My third patient of the morning is a 12-year-old girl who has come in for her annual physical examination with her mother.  At this age the child is due for a number of inoculations:  booster shots for tetanus and chickenpox, as well as the meningitis vaccine.  I review the chart and note that the girl has a history of asthma.  “She should also get a flu shot today.  With her asthma, she’s high risk.”

“She’s never had a flu shot in her life,” her mother tells me.  “I haven’t either.  We don’t get the flu in our family.  Besides, three shots are enough.  Aren’t they going to tax her immune system too much?”

Once again I explain the reasoning for my recommendation.  The child has a history of asthma.  If she contracts swine flu, she would be more likely to develop a secondary pneumonia, further compromising her respiratory status.  The vaccine is available; it makes sense to give it to her today.  And in answer to her last question, no—one more vaccine won’t compromise her immune system.

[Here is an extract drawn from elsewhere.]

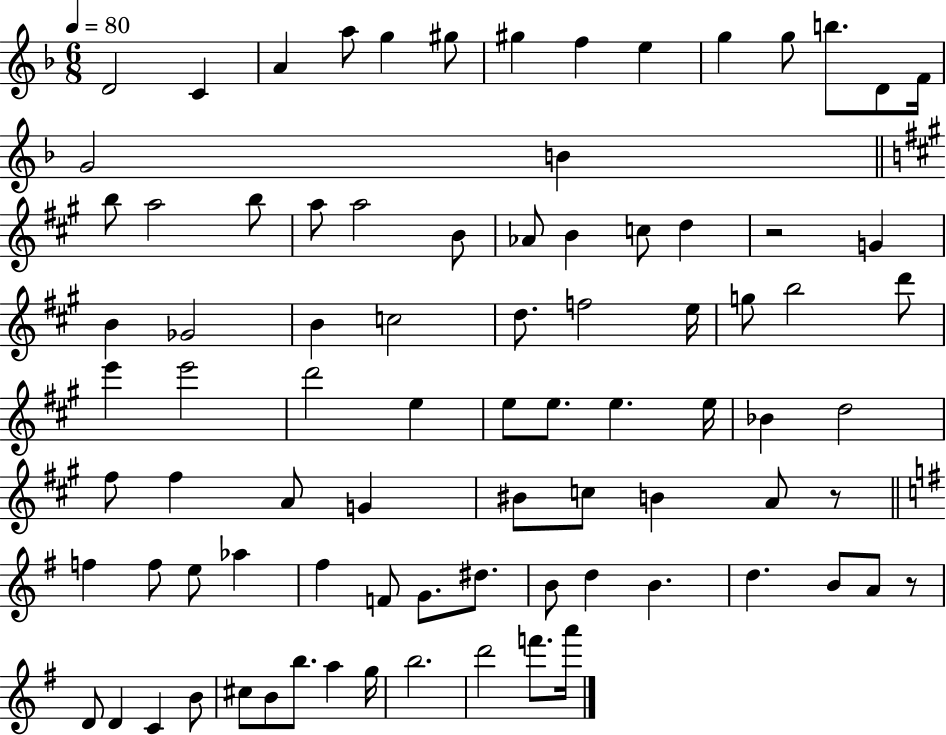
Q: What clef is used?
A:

“Can’t she have the vaccine that you squirt up the nose?  At least that would save her a shot.”

“The nasal vaccine is formulated with live virus.  It shouldn’t be given to someone with asthma.  And right now we’re only authorized to administer the nasal preparation to children below six years of age.”

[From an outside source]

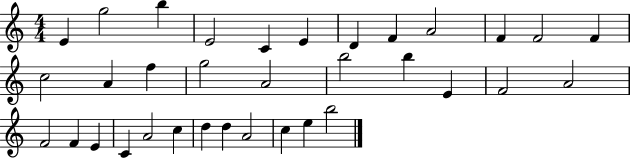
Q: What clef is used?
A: treble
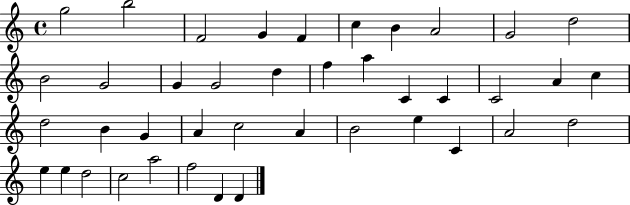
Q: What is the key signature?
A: C major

The mother looks at her daughter, who pleads silently with her mouth:  No, not another shot!

“Well, if you think it’s a good idea, I guess we’ll do it,” the mother says, avoiding her daughter’s misty eyes.

I scribble a note in the chart and think:  How will I ever get through this day, let alone the next five months?  At times like these I wonder whatever possessed me to opt for a career in primary care medicine.

My last patient of the day is a 6-year-old boy.  I’ve known his mother for years.  The boy has brittle asthma.  She knows how to treat it when he gets sick.  Today he has a fever, cough and runny nose; he looks ill.  “I have an appointment to have him get his flu shot day after tomorrow,” she tells me, with a concerned look in her eyes.

Thankfully, the boy’s lungs are clear.  I take a nasal swab specimen and test it for swine flu.  Ten minutes later the tell-tale red line appears on the test strip.  There won’t be any need to vaccinate him now.

I write a prescription for Tamiflu, a drug that will blunt the viral infection surging through his small body.  His mother remains calm while I explain the treatment.  At the end of the visit she thanks me with an easy smile.  “I’m glad you were able to see him today,” she says.  “It’s a comfort knowing you’re here when we need you.”

And suddenly once again I remember why I elected to practice primary care pediatrics.